### EXERCISE OBJECTIVE
Determine how many lines in the data below contain "things" and write only that number.

+===+

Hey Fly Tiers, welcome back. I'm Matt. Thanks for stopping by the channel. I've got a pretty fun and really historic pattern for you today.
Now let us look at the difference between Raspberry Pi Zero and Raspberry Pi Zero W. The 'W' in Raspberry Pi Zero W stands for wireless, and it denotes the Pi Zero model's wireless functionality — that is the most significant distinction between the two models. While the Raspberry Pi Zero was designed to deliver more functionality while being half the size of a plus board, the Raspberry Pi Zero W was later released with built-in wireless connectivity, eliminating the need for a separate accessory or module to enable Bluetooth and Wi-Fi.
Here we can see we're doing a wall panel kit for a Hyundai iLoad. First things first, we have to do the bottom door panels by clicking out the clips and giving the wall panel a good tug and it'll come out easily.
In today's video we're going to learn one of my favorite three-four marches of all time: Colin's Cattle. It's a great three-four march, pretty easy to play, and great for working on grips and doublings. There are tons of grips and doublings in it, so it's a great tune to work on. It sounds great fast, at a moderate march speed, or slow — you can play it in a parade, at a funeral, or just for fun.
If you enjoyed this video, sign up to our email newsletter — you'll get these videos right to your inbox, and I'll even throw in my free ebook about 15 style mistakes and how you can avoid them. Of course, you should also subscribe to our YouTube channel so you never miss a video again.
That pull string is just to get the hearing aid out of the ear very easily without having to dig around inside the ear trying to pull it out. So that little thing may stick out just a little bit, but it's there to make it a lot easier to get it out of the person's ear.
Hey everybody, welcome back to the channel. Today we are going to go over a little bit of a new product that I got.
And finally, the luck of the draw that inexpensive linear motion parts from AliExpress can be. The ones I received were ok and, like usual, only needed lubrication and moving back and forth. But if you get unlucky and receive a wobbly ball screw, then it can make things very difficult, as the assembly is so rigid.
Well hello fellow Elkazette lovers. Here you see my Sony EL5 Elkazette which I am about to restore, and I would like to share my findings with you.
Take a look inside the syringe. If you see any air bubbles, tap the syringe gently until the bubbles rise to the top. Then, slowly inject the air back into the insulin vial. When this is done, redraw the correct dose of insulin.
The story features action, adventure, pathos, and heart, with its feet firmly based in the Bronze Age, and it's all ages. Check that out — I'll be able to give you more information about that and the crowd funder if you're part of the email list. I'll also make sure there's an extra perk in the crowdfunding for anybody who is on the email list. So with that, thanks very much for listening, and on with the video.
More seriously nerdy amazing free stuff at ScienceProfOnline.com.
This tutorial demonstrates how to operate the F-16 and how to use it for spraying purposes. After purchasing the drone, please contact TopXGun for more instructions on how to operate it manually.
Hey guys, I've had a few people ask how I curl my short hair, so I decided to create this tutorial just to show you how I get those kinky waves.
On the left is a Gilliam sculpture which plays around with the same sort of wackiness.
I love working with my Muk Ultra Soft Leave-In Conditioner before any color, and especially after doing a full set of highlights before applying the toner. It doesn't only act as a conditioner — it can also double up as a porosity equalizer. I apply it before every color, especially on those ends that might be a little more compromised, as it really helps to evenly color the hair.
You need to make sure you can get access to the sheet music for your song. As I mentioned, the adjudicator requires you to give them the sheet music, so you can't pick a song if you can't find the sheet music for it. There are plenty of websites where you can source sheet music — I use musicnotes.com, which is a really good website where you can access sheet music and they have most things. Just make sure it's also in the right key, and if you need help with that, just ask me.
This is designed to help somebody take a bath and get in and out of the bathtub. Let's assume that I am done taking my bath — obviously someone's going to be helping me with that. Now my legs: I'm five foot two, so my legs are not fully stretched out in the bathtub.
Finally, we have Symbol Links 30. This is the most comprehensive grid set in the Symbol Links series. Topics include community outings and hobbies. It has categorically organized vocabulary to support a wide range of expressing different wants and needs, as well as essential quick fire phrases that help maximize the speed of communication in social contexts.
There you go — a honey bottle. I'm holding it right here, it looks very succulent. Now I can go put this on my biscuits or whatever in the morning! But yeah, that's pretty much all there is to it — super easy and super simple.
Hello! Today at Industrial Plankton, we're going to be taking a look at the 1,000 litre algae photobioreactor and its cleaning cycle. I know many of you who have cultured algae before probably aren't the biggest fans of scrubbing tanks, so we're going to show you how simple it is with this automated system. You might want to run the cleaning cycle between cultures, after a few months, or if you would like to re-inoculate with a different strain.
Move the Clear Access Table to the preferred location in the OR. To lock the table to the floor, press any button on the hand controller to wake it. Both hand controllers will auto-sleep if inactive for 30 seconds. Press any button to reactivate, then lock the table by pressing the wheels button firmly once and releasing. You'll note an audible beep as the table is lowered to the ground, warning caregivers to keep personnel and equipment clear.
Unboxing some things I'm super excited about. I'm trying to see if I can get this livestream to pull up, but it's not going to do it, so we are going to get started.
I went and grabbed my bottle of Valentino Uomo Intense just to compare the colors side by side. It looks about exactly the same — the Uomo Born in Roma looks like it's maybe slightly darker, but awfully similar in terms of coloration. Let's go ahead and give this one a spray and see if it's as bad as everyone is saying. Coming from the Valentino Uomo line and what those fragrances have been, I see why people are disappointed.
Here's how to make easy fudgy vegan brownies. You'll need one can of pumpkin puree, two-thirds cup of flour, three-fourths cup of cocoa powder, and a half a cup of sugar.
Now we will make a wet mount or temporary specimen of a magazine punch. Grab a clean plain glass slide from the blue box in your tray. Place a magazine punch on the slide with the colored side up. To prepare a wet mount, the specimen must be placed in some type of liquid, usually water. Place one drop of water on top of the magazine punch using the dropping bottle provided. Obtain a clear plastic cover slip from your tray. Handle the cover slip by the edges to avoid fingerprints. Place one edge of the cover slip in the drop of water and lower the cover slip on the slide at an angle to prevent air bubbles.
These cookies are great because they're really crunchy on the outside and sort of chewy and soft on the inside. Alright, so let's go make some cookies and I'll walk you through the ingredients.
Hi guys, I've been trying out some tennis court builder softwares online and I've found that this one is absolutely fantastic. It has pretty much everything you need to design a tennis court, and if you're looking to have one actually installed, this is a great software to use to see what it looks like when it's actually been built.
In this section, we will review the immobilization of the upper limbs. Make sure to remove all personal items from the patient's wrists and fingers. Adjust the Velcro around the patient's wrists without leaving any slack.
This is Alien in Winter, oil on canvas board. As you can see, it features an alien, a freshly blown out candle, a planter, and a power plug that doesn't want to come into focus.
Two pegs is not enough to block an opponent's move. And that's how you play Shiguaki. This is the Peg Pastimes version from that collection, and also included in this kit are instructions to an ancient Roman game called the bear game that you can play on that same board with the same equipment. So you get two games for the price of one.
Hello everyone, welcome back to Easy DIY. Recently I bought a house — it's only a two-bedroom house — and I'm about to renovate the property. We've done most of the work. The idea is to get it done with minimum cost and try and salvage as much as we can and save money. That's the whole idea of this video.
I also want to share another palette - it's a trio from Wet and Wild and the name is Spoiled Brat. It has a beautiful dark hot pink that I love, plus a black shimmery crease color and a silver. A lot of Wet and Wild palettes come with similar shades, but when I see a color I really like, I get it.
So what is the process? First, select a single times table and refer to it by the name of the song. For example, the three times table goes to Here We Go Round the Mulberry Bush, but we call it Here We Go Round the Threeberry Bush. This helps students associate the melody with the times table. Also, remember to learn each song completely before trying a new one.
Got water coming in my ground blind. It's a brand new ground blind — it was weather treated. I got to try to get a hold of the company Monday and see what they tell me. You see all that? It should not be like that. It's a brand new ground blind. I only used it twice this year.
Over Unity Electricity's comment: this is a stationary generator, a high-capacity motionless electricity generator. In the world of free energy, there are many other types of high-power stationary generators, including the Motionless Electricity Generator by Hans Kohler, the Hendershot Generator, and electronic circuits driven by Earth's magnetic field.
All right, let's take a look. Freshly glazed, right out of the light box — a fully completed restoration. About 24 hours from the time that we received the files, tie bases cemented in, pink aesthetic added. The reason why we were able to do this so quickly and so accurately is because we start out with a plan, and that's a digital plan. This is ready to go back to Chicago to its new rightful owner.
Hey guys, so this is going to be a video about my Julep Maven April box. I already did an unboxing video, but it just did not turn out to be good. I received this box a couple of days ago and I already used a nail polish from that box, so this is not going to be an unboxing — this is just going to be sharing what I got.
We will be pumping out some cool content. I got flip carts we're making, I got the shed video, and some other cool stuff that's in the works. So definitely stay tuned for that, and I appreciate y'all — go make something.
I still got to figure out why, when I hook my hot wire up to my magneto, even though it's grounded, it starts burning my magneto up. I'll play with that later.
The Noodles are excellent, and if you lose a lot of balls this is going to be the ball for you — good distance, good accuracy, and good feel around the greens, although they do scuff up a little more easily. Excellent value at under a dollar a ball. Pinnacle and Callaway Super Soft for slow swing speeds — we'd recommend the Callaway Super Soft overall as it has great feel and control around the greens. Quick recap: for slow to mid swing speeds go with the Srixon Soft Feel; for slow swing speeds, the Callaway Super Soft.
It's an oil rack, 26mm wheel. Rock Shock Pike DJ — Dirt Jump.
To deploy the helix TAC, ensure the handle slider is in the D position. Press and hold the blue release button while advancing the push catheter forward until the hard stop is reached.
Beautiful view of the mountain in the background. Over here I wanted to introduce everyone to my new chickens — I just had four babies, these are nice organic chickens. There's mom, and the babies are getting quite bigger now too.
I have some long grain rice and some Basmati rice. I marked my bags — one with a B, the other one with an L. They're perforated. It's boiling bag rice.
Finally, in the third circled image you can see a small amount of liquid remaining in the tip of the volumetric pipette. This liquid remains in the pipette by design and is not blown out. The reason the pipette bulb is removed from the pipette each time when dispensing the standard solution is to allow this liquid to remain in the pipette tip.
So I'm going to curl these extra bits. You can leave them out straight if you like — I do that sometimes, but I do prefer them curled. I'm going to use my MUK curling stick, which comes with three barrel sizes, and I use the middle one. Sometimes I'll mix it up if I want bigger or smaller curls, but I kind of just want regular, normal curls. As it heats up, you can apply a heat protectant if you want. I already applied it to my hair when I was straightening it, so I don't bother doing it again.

+===+

### RESULT OF THIS EXERCISE
4